Home listening: a must for RVW fans, and more

Vaughan Williams’s incidental music for an abandoned production of Richard II has been recorded for the first time
  
  

Ralph Vaughan Williams.
Ralph Vaughan Williams. Photograph: Courtesy of the Ralph Vaughan Williams Charitable Trust

• Even at the height of the second world war, the BBC was commissioning new music, particularly to accompany stirring radio dramas designed to inspire the stoical people of these islands. Britten wrote for Edward Sackville-West’s The Rescue and Walton for Louis MacNeice’s Christopher Columbus, and when a major production of Shakespeare’s Richard II was planned, Ralph Vaughan Williams was commissioned to provide the incidental music. He had already produced successive film scores in the war effort – 49th Parallel, Coastal Command and The Story of a Flemish Farm – and now here was a chance to write for wartime radio. His carefully tailored score was delivered (and paid for), but the production was abandoned in 1944 and the music forgotten.

Now we can hear it for the first time, in a recording by the Royal Scottish National Orchestra (Dutton Epoch) under Martin Yates. More than 30 radio cues are presented in sequence, some short fanfares and entrance and exit music; others longer sections illustrating action or characters. All are unmistakably RVW, and show what a meticulous craftsman he was. Cellist Nadège Rochat joins the orchestra for the Fantasia on Sussex Folk Tunes, flautist Anna Noakes for Roger Steptoe’s arrangement of the Suite de Ballet, and baritone Roderick Williams sings the evergreen Songs of Travel. A must for RVW fans.

• There’s more British music on Cobbett’s Legacy (Resonus), a recording by the classy Berkeley Ensemble of winning entries in their new Cobbett prize, a successor to the original early 20th-century award. Excitingly original new works by Barnaby Martin, Samuel Lewis and Laurence Osborn sit alongside the piece that won the original prize, William Hurlstone’s lovely Phantasie from 1907. Recommended.

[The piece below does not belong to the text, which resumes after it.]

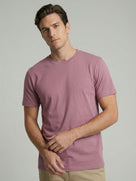 Slim Fit 100% Cotton Crew Neck T-Shirt - Pink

• Finally, there is already a dizzying choice of Proms to choose from on BBC Sounds, but if you didn’t catch it, hear Haydn’s Creation sung by the fresh voices of the Proms Youth Choir, with Omer Meir Wellber, the BBC Philharmonic and some strong soloists, including the young mezzo Lucy Farrimond, who stepped out of the choir to join the principals in their final Amens. Such aplomb.